Original Research

Pain is a Limiting Factor in Patients Suitable for Transilluminated Powered Phlebectomy

Alexander Kantarovsky, Dmitri Vinogradski, Evgenia Mankowitsch, and Itamar Ashkenazi


Objectives: To analyze, perioperatively and in follow-up, transilluminated powered phlebectomy (TIPP), a surgical technique for the treatment of varicose veins. Method: Retrospective study in one medical institution of patients undergoing TIPP between July 2015 and December 2017. Data analyzed included demographic data, surgery, and results. Postoperatively, pain was evaluated by a 10-point visual analogue scale. The Venous Clinical Severity Score (VCSS) was assessed 5–8 weeks following surgery. Results: Sixty-six patients with extensive varicosities who underwent TIPP were included. Postoperative pain scores were higher in patients undergoing bilateral compared to unilateral TIPP (visual analogue score 7 versus 5; P=0.031). Following surgery, the VCSS improved in 81.8% (54/66) of the patients.
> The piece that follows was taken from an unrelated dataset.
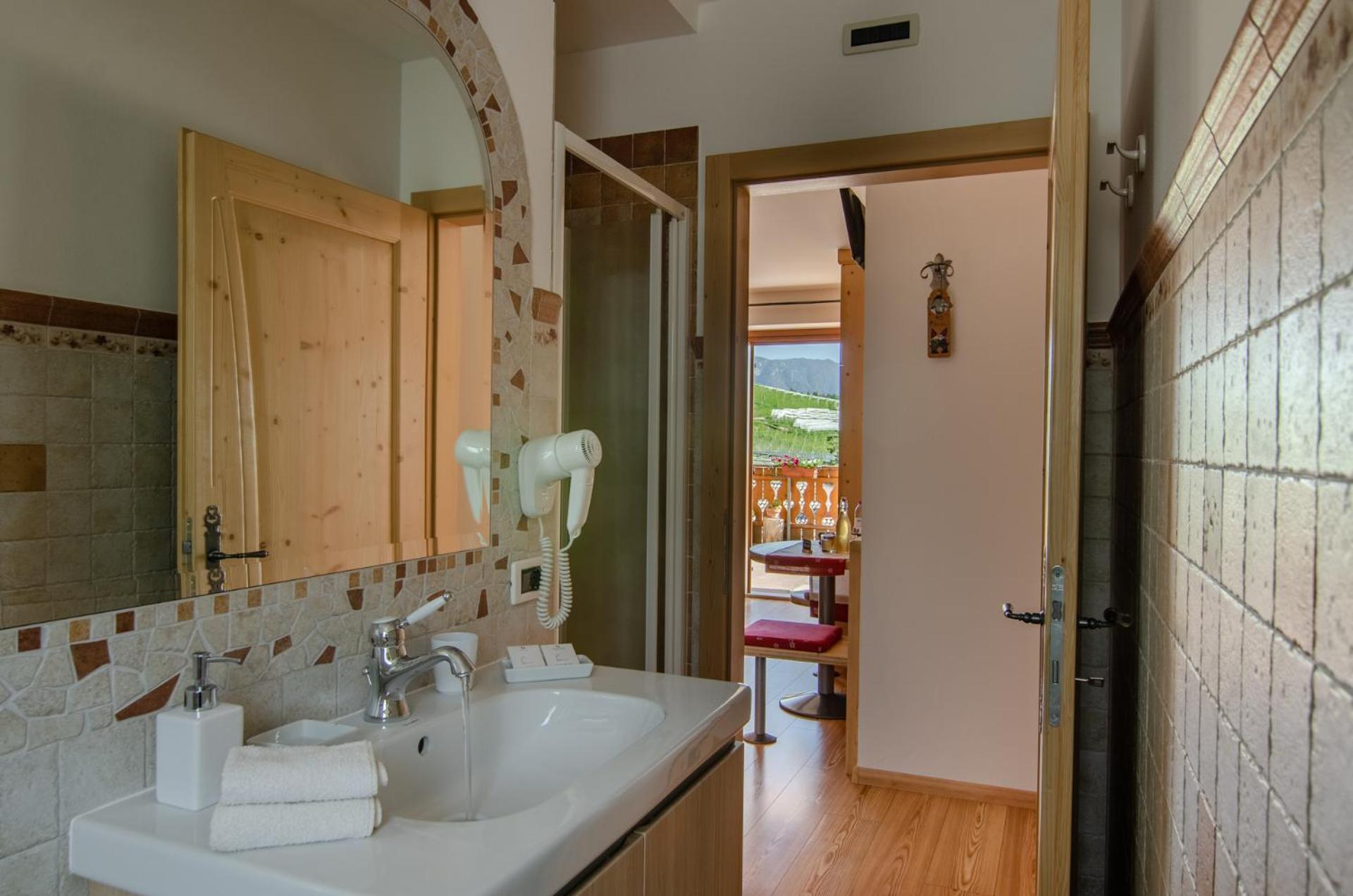 Family Room with Private Bathroom photo 2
However, 39.7% (25/63; data missing in 3 patients) reported that they would not be willing to undergo a similar procedure in the future. Pain was the most common reason for dissatisfaction. Conclusions: Transilluminated powered phlebectomy was associated with considerable pain and discom¬fort in many patients included in this study. For this reason, it should be reserved for a select group of patients in whom other treatment options are limited; TIPP could be considered in the following cases: patients with a large number of varicosities, reoperations, after extensive thrombophlebitis, obesity, or following bariatric surgery.